MacLachlan verlegte sich auf Gastauftritte in TV-Serien, vor dem ganzen Streaming-Boom, als es noch ein Makel für Schauspieler war, von der Leinwand ins Fernsehen wechseln zu müssen. Er spielte den ersten Ehemann der eher spießig angelegten Charlotte in "Sex and the City". Gelegentlich blitzte da wieder Dale Cooper durch, wenn MacLachlan das sexuelle Versagen der Serienfigur Trey hinter dem breiten Lächeln des All-American-Boy verbarg. Genauso bei seiner Rolle in der Serie "Desperate Housewives" oder bei Gastauftritten in Serien-Hits wie "How I Met Your Mother" und "Law & Order". MacLachlan fand also ein regelmäßiges Auskommen als leicht irrer Ken, der seine Barbie nie wirklich glücklich macht, obwohl er sehr breit lächeln kann und immer fantastisch aussieht, auch mit 58 noch. Privat scheint MacLachlan dabei glücklich zu sein, verheiratet - natürlich mit einem Model - und neben seiner Schauspieltätigkeit auch Weinbauer.

Große Skandale sind nicht bekannt, der Vorteil einer Karriere, die im Halbschatten verläuft: Niemanden interessiert so richtig, ob MacLachlan auch privat so doppelbödig ist. Dass er viel Humor hat, beweist er auf seinem Twitter-Account, wo er jüngst von einem Fan gebeten wurde, doch mal "Dune" zu erklären. "Dune - Der Wüstenplanet" war MacLachlans allererster Kino-Auftritt, ein völlig durchgedrehter Sci-Fi-Film, ebenfalls von Lynch. MacLachlan antwortete dem Fan mit einer so schwachsinnigen Menge lustiger Emojis, dass dieser hinterher dümmer gewesen sein muss als zuvor.

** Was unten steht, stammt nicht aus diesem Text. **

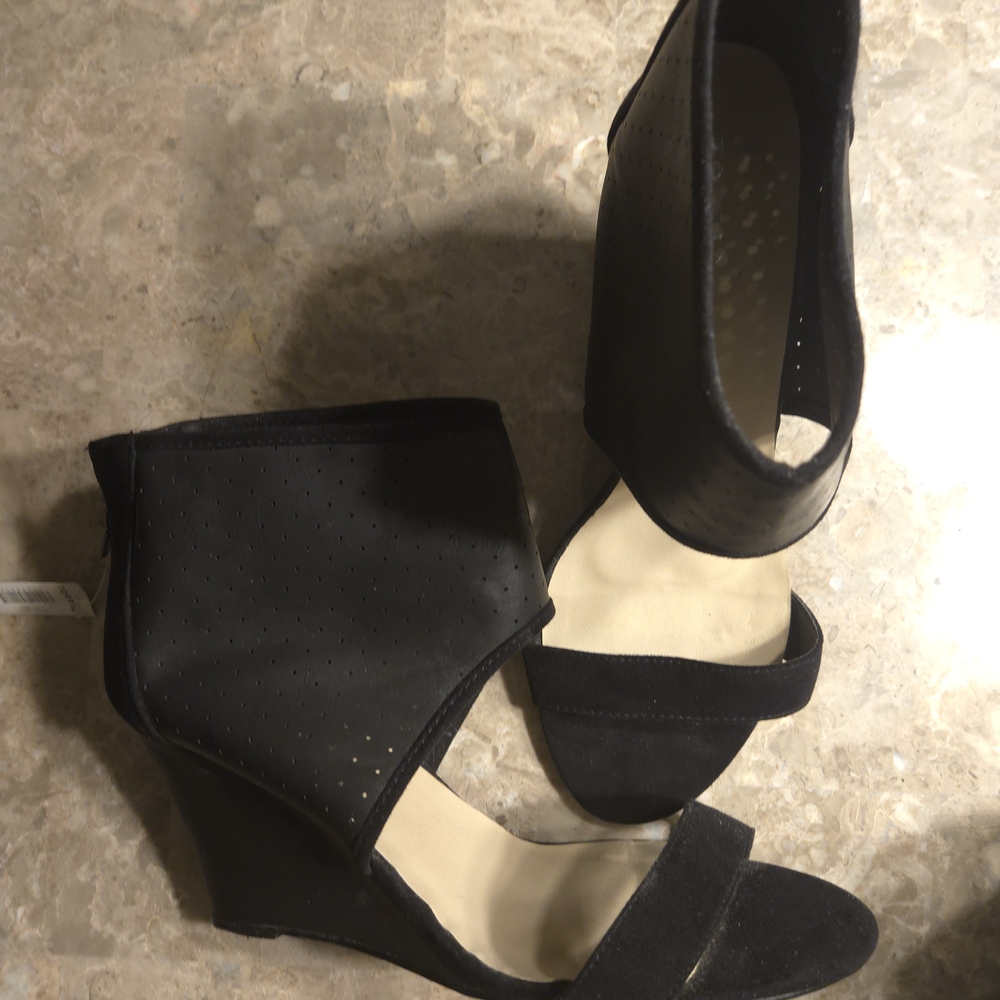 Torrid Black Wedge Sandals 12W
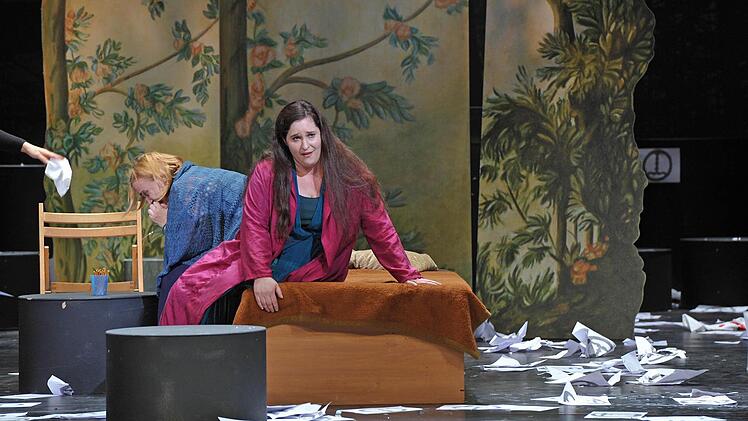 Szene aus Bellinis "Norma" am Landestheater Coburg.Foto: Andrea Kremper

Seit einiger Zeit sieht man auf seinem Twitter-Account vor allem Bilder vom "Twin Peaks"-Set. MacLachlan vor Kulissen des lange erwarteten Serien-Revivals. MacLachlan mit Schauspielkolleginnen, die wie er wieder mit dabei sind. Damals, als "Twin Peaks" auf RTL Plus in Deutschland lief, galt die Serie fast als Kunstprojekt - Arthouse im Fernsehen. "Twin Peaks" war der Vorbote dessen, was heute als ambitioniertes TV-Entertainment gilt, von "Fargo" bis "True Detective". Die spannendste Frage dürfte nun sein, ob die Serie sich so gut gehalten hat wie ihr Hauptdarsteller und ihn ins Rampenlicht zurückholen kann.